First off @moth-time YES! They are SO much nicer than alcohol, in my opinion. They make some oil perfumes that are still sprays, but I go for the ones that are roll on or just dabbed onto the skin. Sprays have a tendency to stick to clothes and thus last longer and have more projection, over something just on the skin that will evaporate from your body heat.
I shop indie perfumes as it's easier to find oil based ones (and it's usually significantly cheaper!)
Of all the indie perfumes houses I've tried, so far my favorite is Cherry-ka's Trunk on Etsy. They make fragrances inspired by fandoms and horror tropes and the wild west and overall are just really cool. I found them by looking up a fandom thing on etsy and was confused as to why a fragrance showed up. Eventually curiosity got the better of me and I tried some, and have been in love ever since.
I've now sampled 55 of their scents. Of those, I have destashed 17 of them to my roommate, am currently sampling 7, and the rest I liked enough to finish up the sample and some I'll full-size (or have already full-sized). Also worth noting that they're gender-inclusive! All their scents are for people of any gender! (Some indie perfumers tend to label feminine or masculine or unisex perfumes, which is apparently an indicator for people who are into mainstream perfumes to get an idea of a scent profile.

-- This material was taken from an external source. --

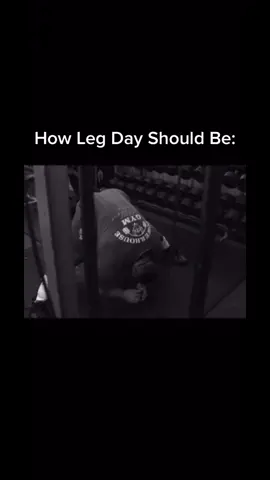 Dorian Yates, 6 times Mr.Olympia. He trained with true intensity, he went to true failure. Training the way he did, is what makes a difference in bodybuilding.  #dorianyates #legdaymotivation #intensity #trainingtofailure #bodybuilding #motivation #GymTok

But as someone who doesn't have the baseline knowledge of what that means, I feel a little off-put on trying some of those scents.)
My absolute favorite from Cherry-ka's Trunk (and of every fragrance I've ever tried) is Flying which has notes of fir, mint, and florals. This is also the one that taught me about resting oils. When I first got it, it pretty much just smelled like mint to me. I liked it (in fact, I will wear almost anything with mint in it) but it was pretty plain mint. Then as I used up the sample, the other notes became more pronounced. When you first apply it, it's still mostly mint, but the florals add some sweetness to it, and as the scent dries down, there is the astringent woody quality of the fir.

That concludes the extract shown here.